Delay Measurement and Standard Deviation
Your first method is doomed I think. You might be able to measure average delays and so forth but that doesn't mean that every message has exactly the same latency. The standard deviation in the latency will tell you what you can expect to achieve, and I don't think that's going to be particularly small. If so then the message has got to include a timestamp.
NTP can work because it's only interested in the average delay measured over a period of time (hours sometimes), whereas you're interested in instantaneous delay.
Streaming with RTP
Your second method may work if you can time sync the devices as discussed above. The RTP protocol was designed for use in these circumstances; it doesn't help with achieving sync, but it does help a lot with the streaming.
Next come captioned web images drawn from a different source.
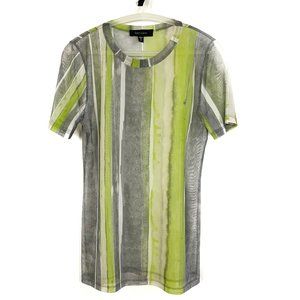 Karen Kane Gray and Green Short Sleeve Sheer Top - M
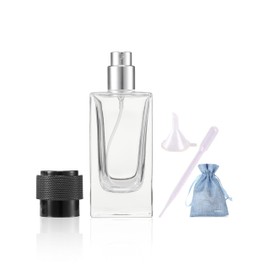 JJKMALL Leak-Proof 50ML Perfume Atomizer Spray Bottle, Refillable Travel-Sized Glass Bottle for Fragrance & Essential Oils, 3-in-1 Luxury Gift Set with Funnel, Dropper & Gift Bag (TSA Approved)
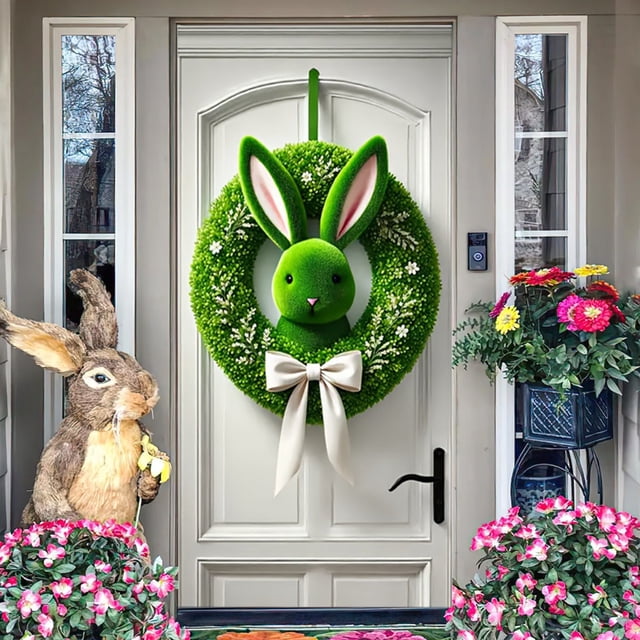 CaiYueKe Easter Door Curtain Spring Holiday Decorations Bunny Rabbit Egg Pattern Party Backdrop Wall Hanging Decorative Banner for Home Festival Celebration Indoor Outdoor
It tells you whereabouts in the stream any one piece of received data fits, allowing you to play it at the right time.
Clock Drift
Another problem to deal with is how long you're playing for. If it's a long time then you may discover that the 44kHz (or whatever) audio clock rate on each device isn't quite the same. So, whilst you might find a way of starting to play all at the same time, the separate devices will then start diverging ever so slightly. Over a long period of time they may be noticeably out.
BlueTooth
It might be possible to do something with BlueTooth. It has many weird and wonderful profiles, and it might be that one of those would serve to send an accurate 'start now' message.
Audio Trigger
You might also use sound as a means of conveying a start signal. One device can play a particular sound whilst your software in the others is listening with the mic. When a particular feature is detected in the sound, that's the time for everyone to start playing. Sort of a computerised "1, 2, a 1 2 3 4".
Camera Flash
Should be easy to spot in software...
I think your first way would work if you expand it a little bit. Assuming all the clocks on the devices are in sync you could include a timestamp in your play command. Then each device would calculate the time between the timestamp and when it received the command. You would then play the music and offset it by the time difference.